» **EXERCISE**: Using the data below, set down every line from the one containing "Afrika, Tanzania: 20 shilingi, 1987" through the one containing "14K Yellow Gold", inclusive and unchanged. Pictures are to be skipped.

» **DATASET RECORDS**:
<<<<

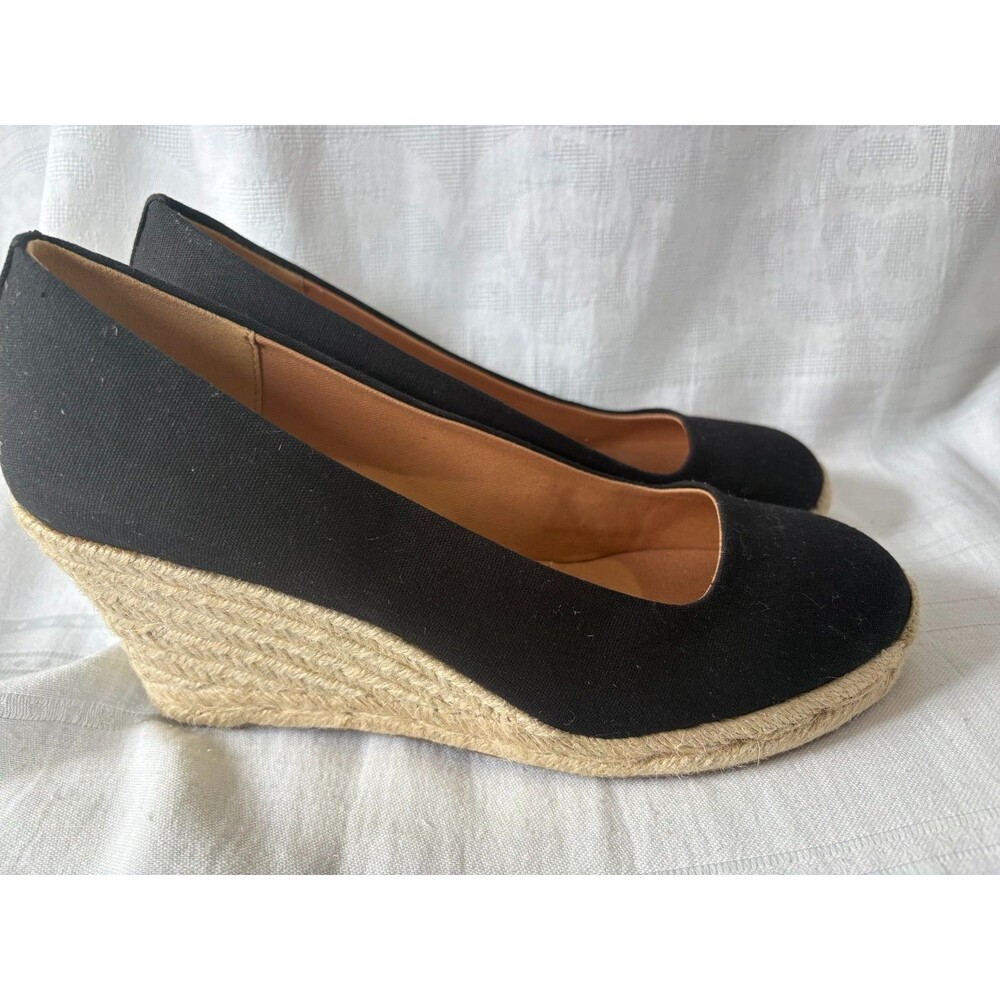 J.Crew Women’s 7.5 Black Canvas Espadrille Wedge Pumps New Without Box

>>>>
<<<<

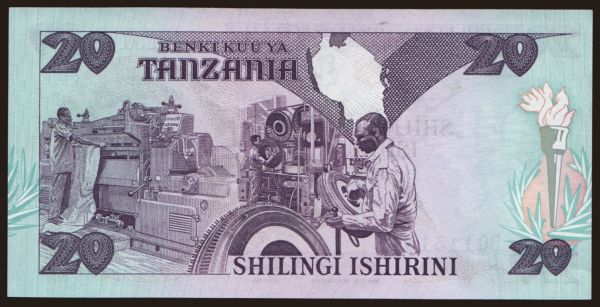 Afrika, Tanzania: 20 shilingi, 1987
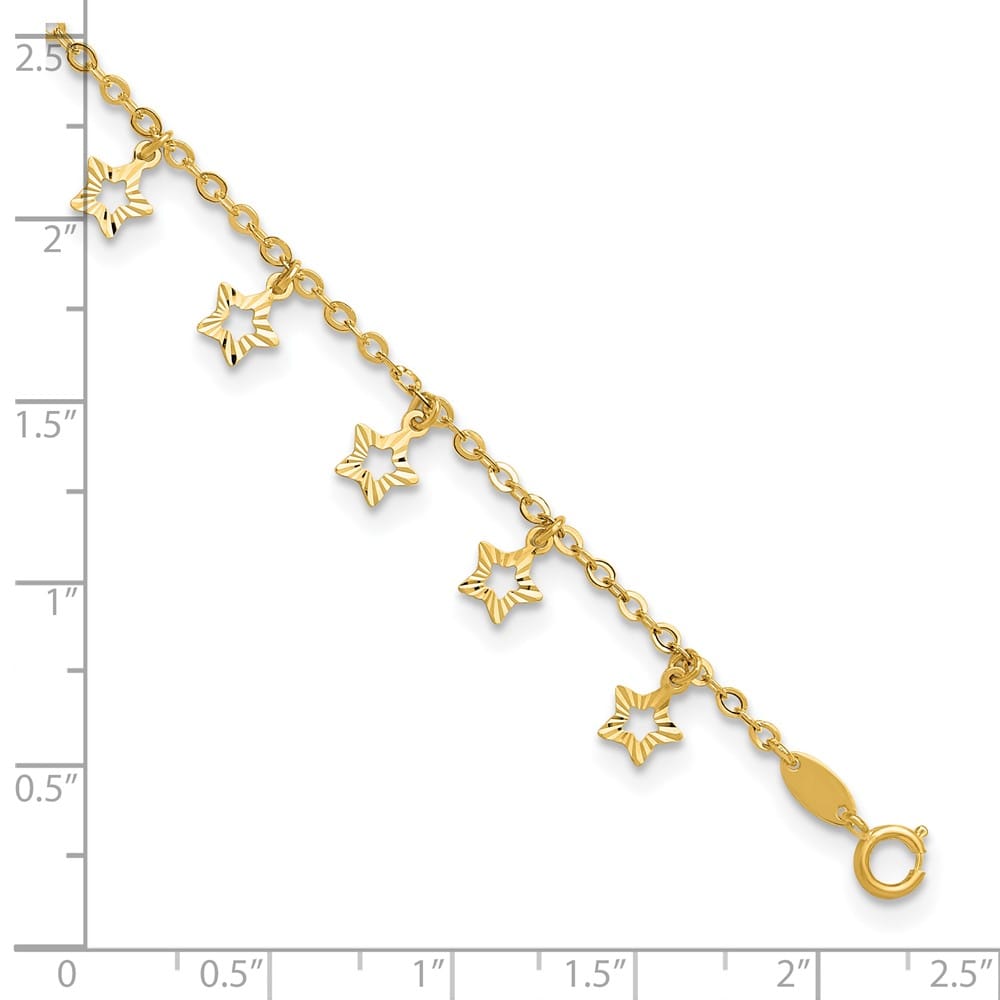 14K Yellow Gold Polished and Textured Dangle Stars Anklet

>>>>
<<<<

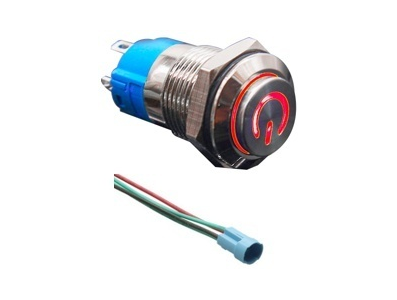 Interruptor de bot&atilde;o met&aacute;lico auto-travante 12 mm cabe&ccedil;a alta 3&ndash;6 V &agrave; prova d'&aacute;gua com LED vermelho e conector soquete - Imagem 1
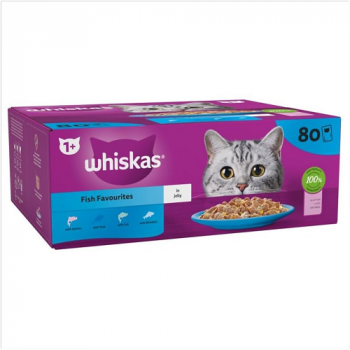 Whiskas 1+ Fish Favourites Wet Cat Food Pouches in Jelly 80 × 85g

>>>>

» **YOUR SOLUTION**:
 Afrika, Tanzania: 20 shilingi, 1987
 14K Yellow Gold Polished and Textured Dangle Stars Anklet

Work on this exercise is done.